WORK TO BE COMPLETED - Only the lines in the entries below from the line with "Authentic 1940s Muted" to the line with "Zeelow Minecraft avatar head, 3D render", both included, belong in the answer, transcribed exactly and without pictures.

MATERIAL SHOWN -
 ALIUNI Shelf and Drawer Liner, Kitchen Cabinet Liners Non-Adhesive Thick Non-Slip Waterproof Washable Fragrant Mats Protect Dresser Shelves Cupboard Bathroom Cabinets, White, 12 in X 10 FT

--

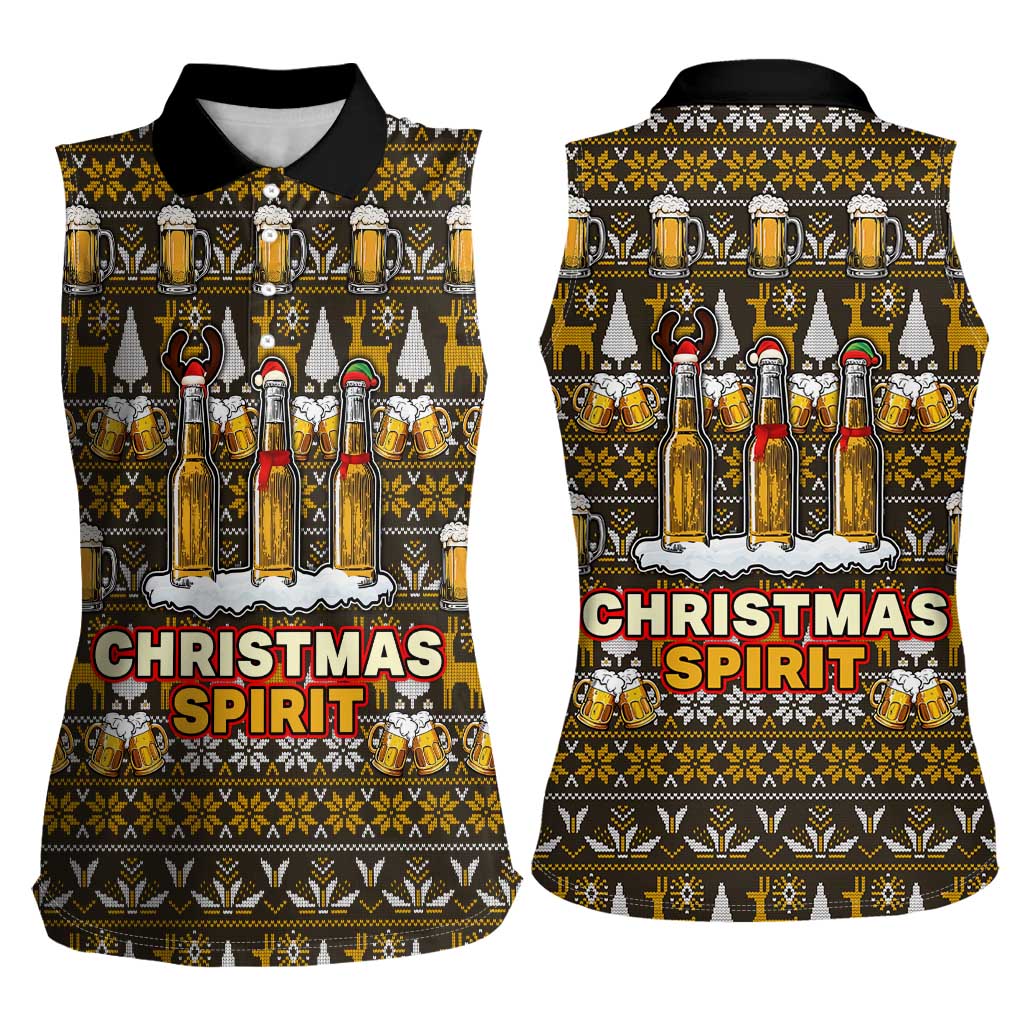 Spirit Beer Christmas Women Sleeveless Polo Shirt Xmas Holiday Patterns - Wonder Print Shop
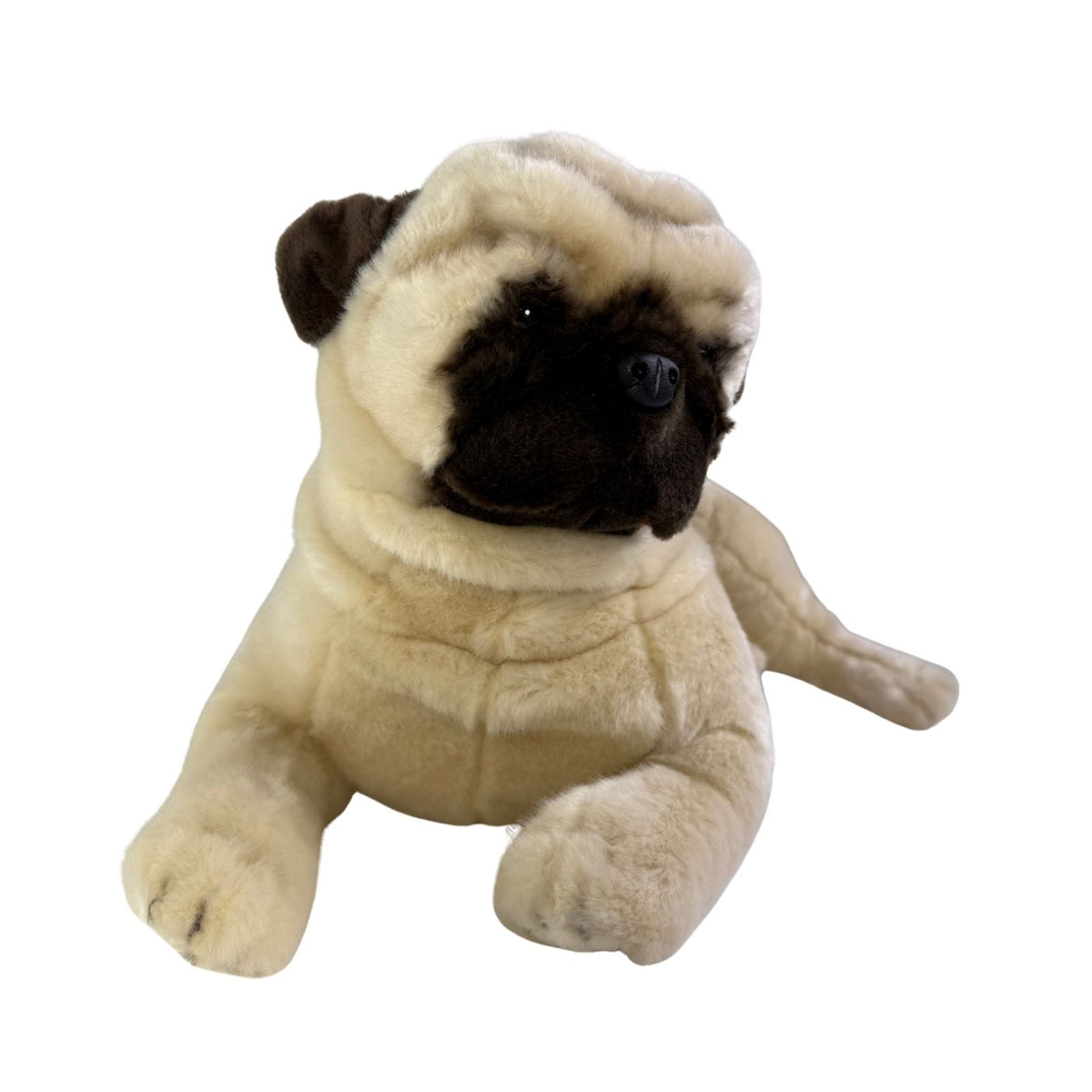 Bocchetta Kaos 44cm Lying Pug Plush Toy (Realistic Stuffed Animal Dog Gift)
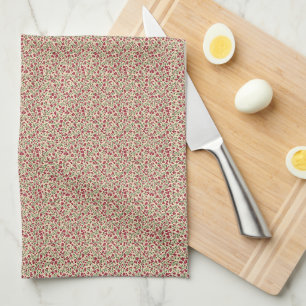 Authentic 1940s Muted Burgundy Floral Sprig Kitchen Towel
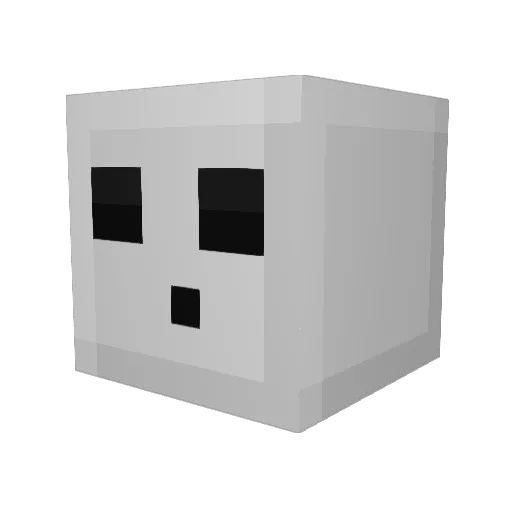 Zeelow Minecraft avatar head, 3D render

SOLUTION TO THIS EXERCISE -
 Authentic 1940s Muted Burgundy Floral Sprig Kitchen Towel
 Zeelow Minecraft avatar head, 3D render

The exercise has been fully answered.